O peso da banda surge colado a vibes de disco music em Punk rock nigga roll e Fudeu. O Black Pantera fala de um dia a dia bem perigoso em Execução na av. 38, faz o metal se encontrar com a contação de histórias em Legado e Candeia, e entra na briga pelos direitos do trabalhador em O sexto dia (“tem que meter o louco mesmo / hoje é dia seis e eu tô sem dinheiro / ainda tem o mês inteiro / que que eu vou fazer? / me bate um desespero”).

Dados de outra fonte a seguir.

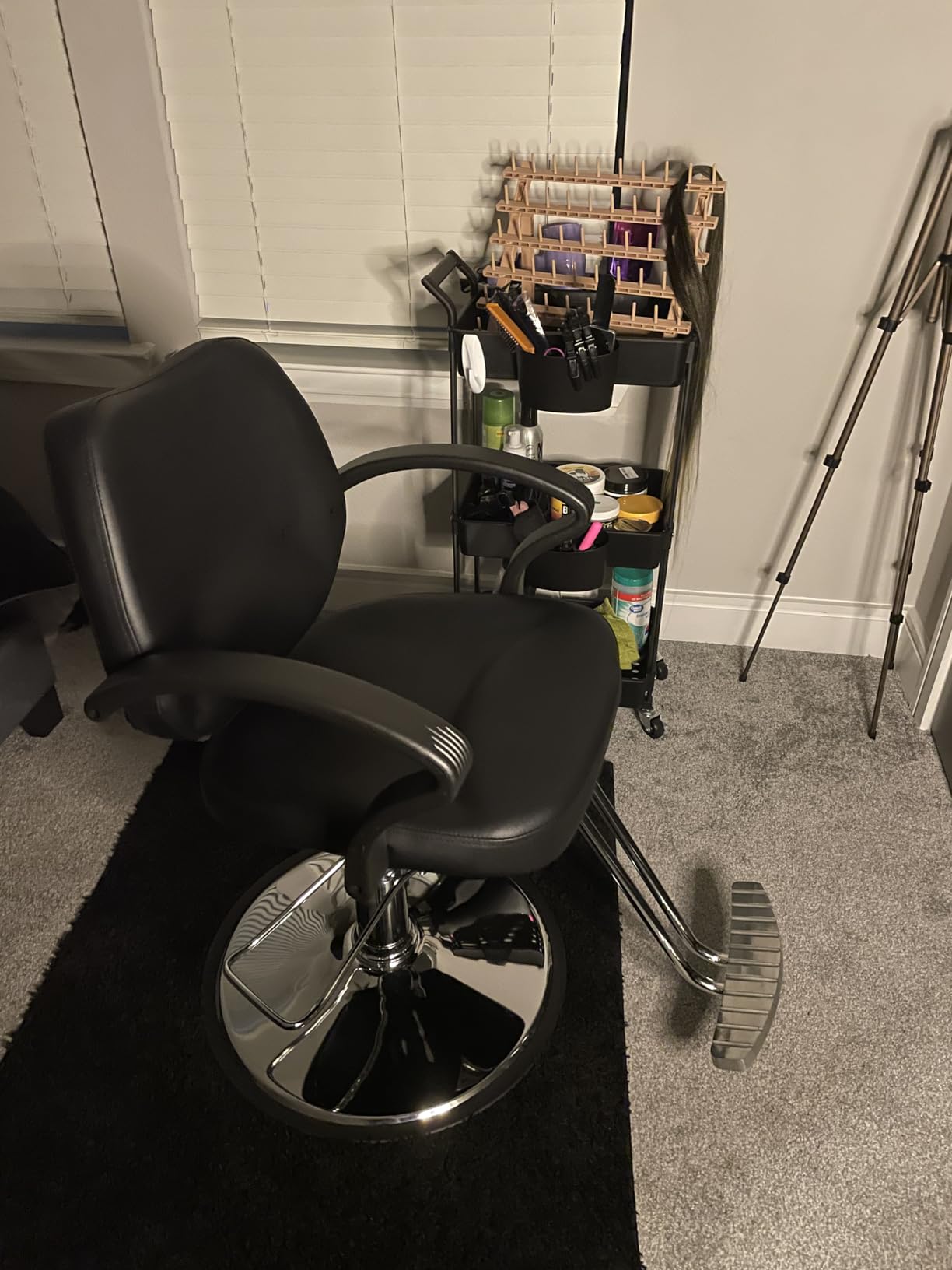 BestMassage Hydraulic Reclining Barber Chair, Heavy Duty All Purpose Salon Chair with Adjustable Headrest Footrest and 360° Swivel Hydraulic Pump for Barbershop, Beauty Salon, and Tattoo Studio,White customer photo 1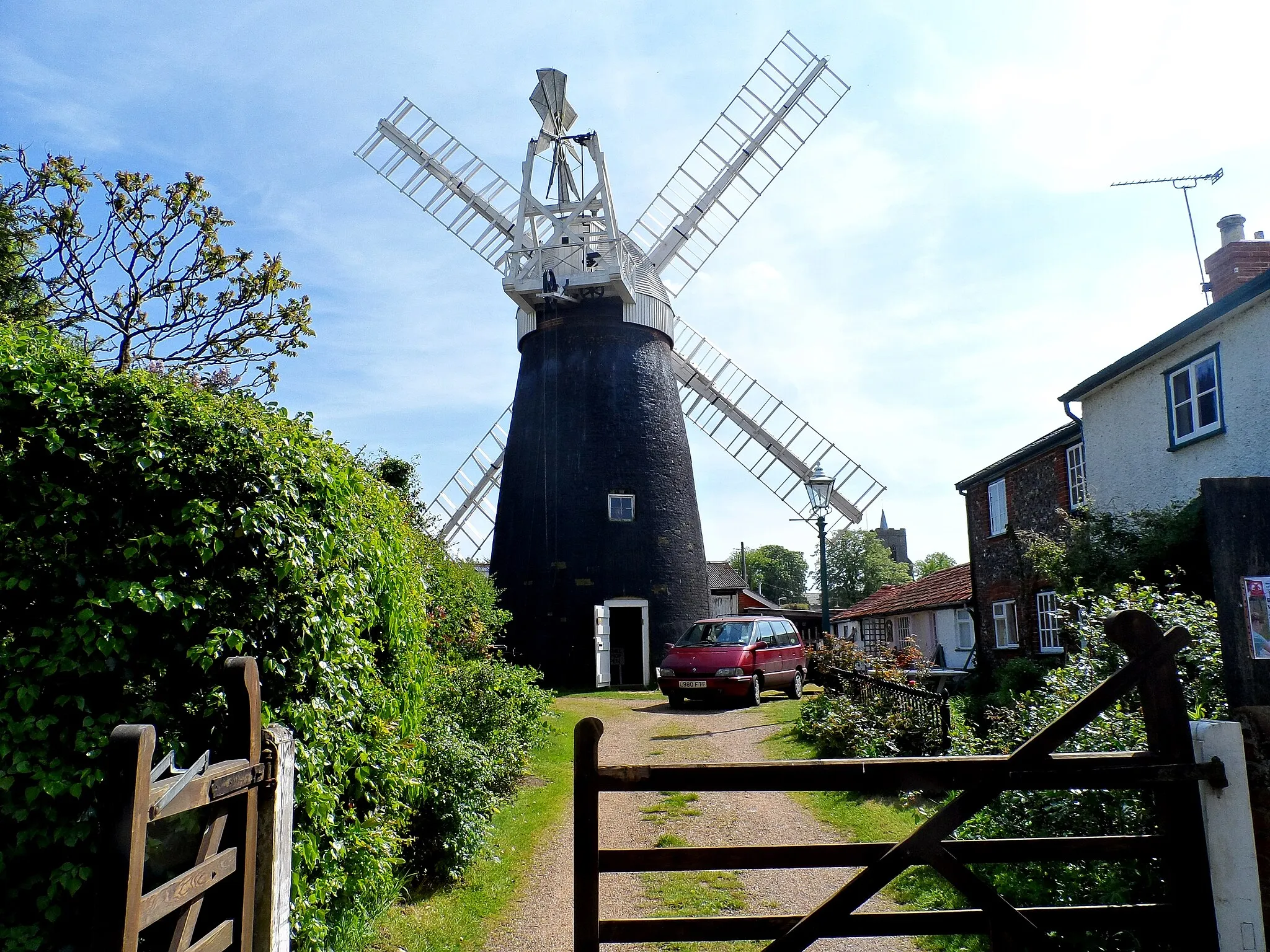 Photo showing: Bardwell Windmill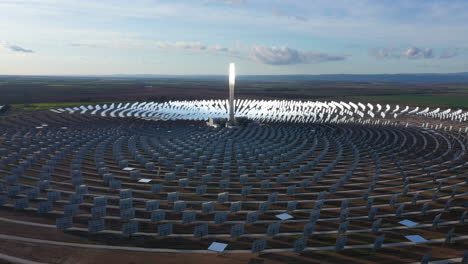 Vista-Aérea-De-La-Torre-De-Energía-Solar-España-Espejos-Gigantes-Reflejando-El-Sol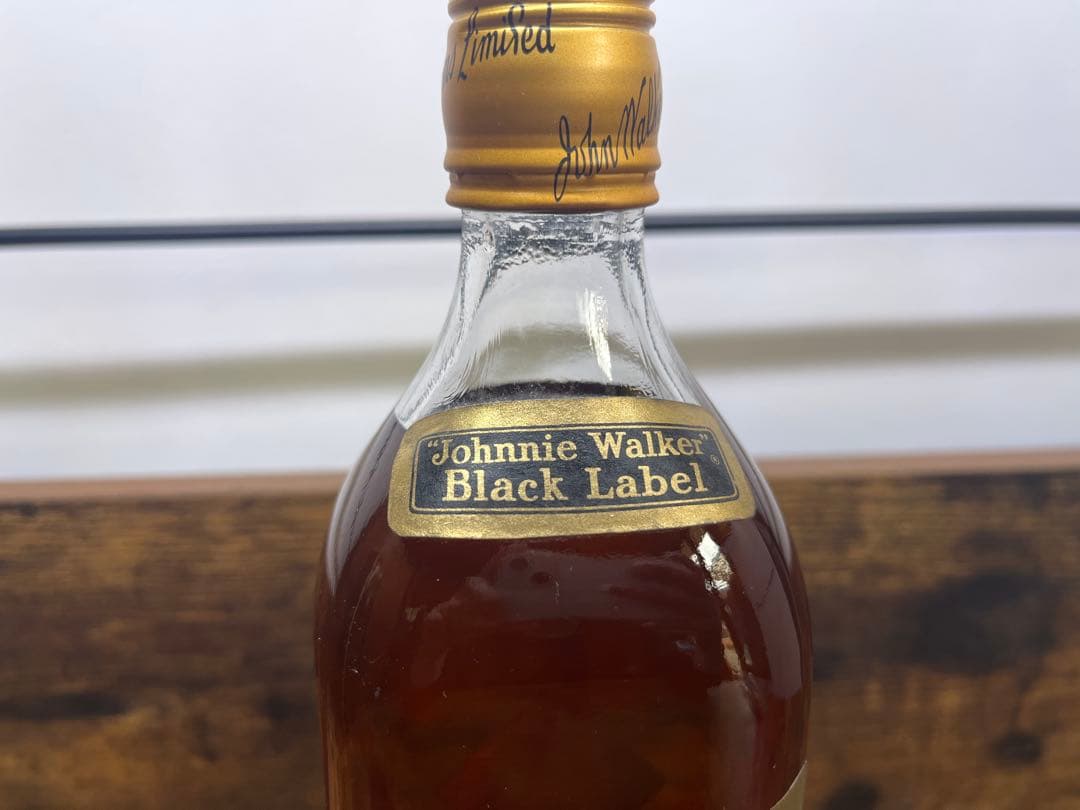 ジョニーウォーカー ブラックラベル 金キャップ 白紋章 化粧箱付き　特級　082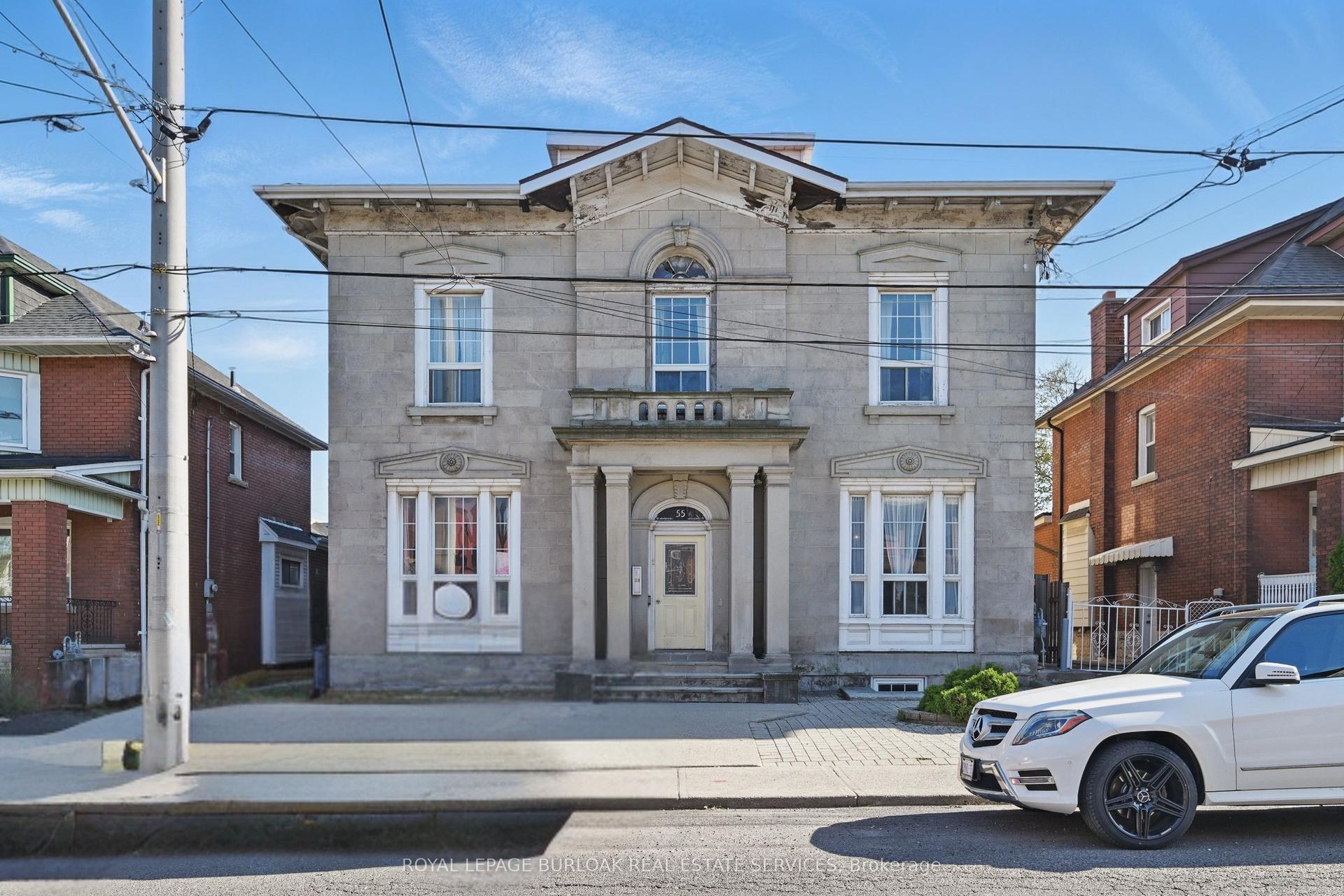 55 Barton Street W, Hamilton — Multiplex for sale, photo 1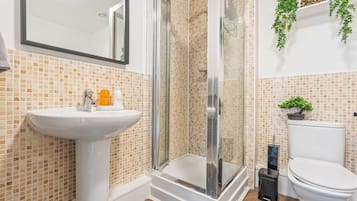 Apartment, 2 Schlafzimmer, barrierefrei, Balkon | Badezimmer
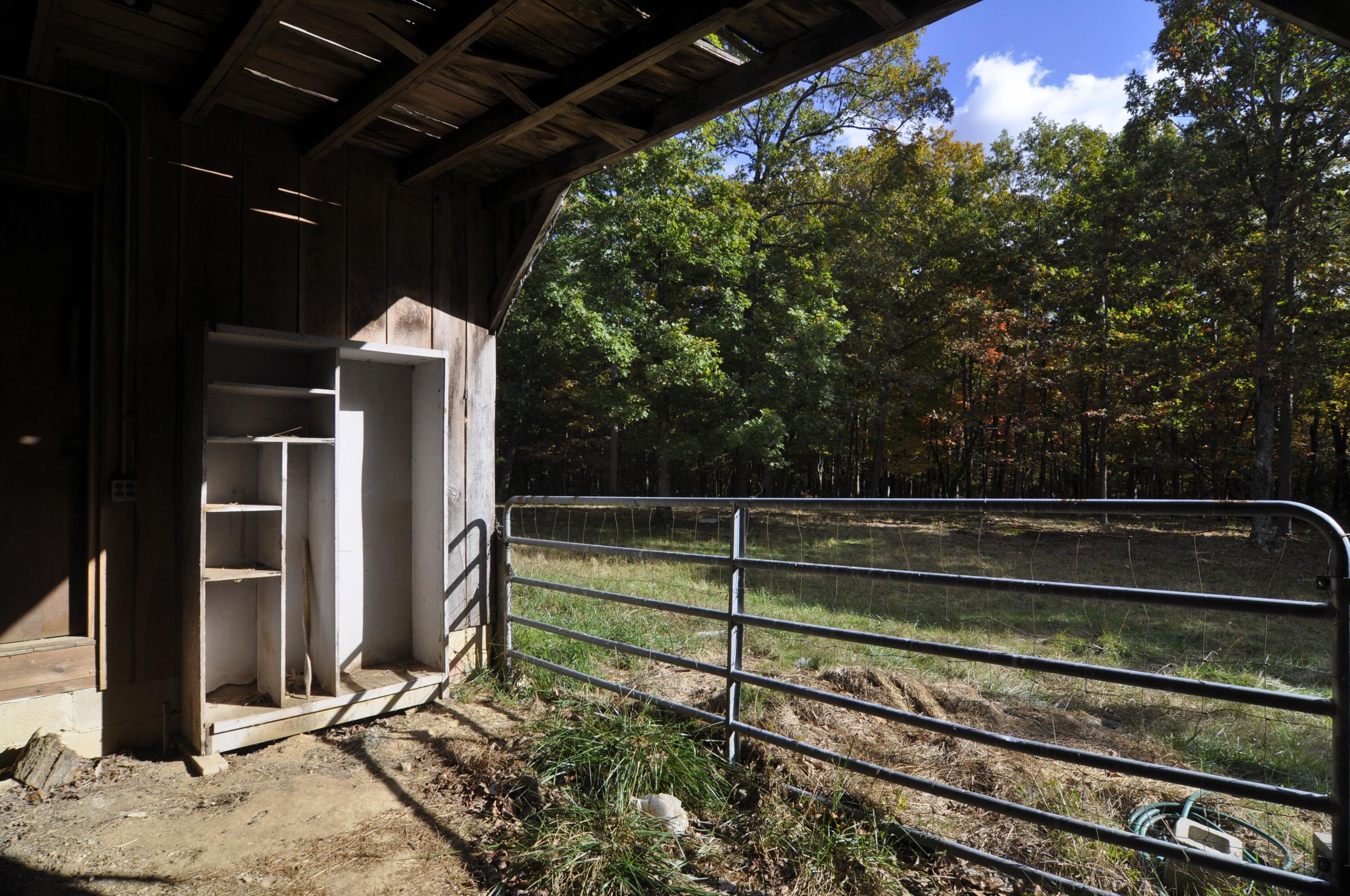4991 Old State Road Menlo, GA 30731 - Photo 55 of 79 054 barn int middle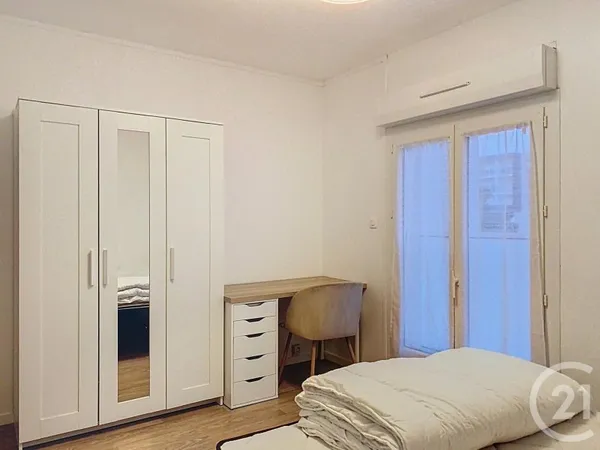 Appartement 1 pièce 77 m²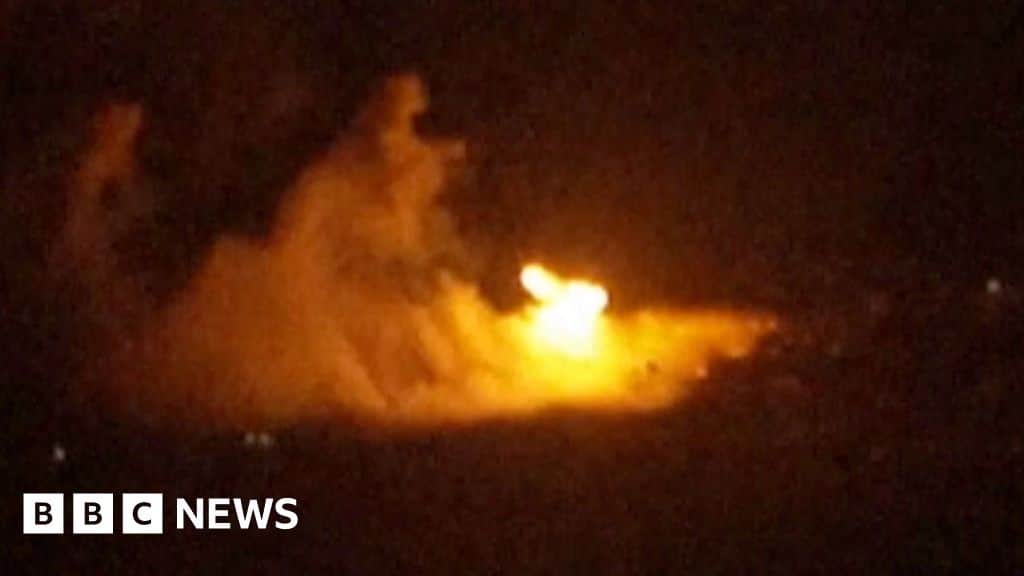 Watch: Explosions seen on Israel-Lebanon borderVideo taken from northern Israel has captured explosions on the border with Lebanon on Monday night into Tuesday morning.2 hrs agoMiddle East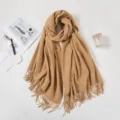 Warmer verdickter kamelfarbener Kaschmir-Imitat Schal mit eleganten Fransen für den Winter. - 70*180cm / Camel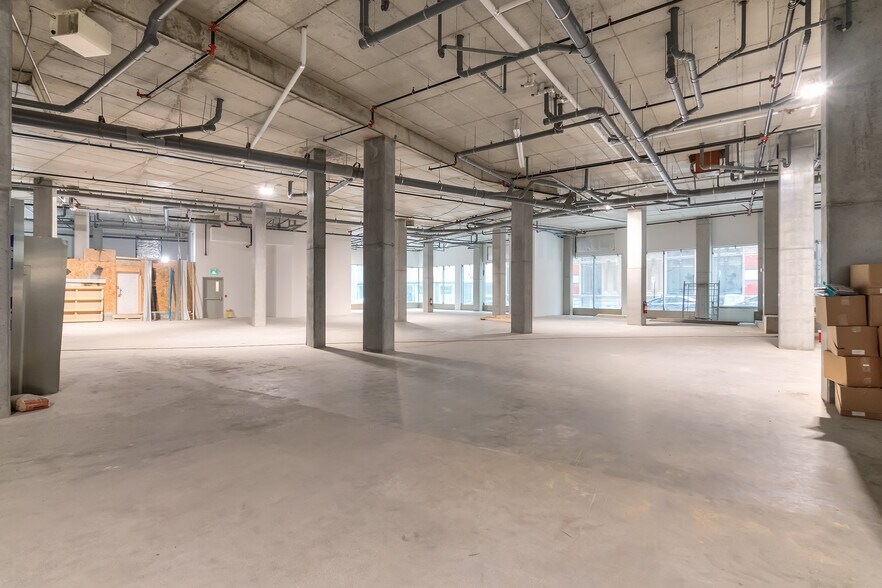 240 Notre-Dame Street W, Montréal, QC à louer - Photo intérieure – Image 2 sur 5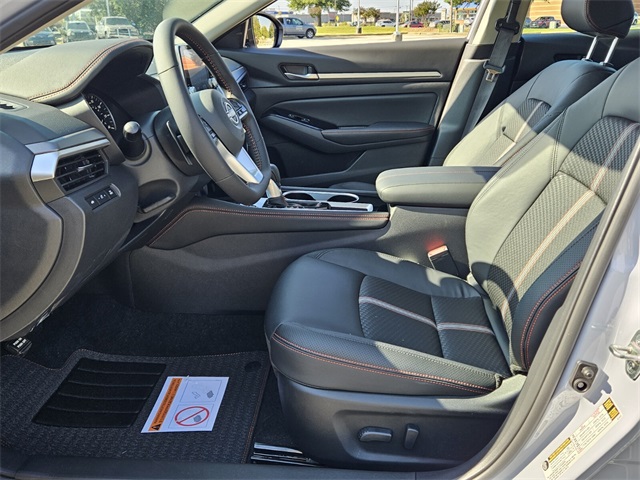 2025 Nissan Altima 2.5 SR photo 5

No fim das contas, é som, é roda punk (as rodas do Black Pantera são históricas), mas é senso de pertencimento, de identificação – algo, por sinal, que o som pesado entende, mas que aqui ganha outros sentidos, outras escalas de valores. Resistência! já nasce no volume máximo. Faltou só a versão afrometal de Identidade, de Jorge Aragão, que a banda gravou no EP Capítulo negro (2020).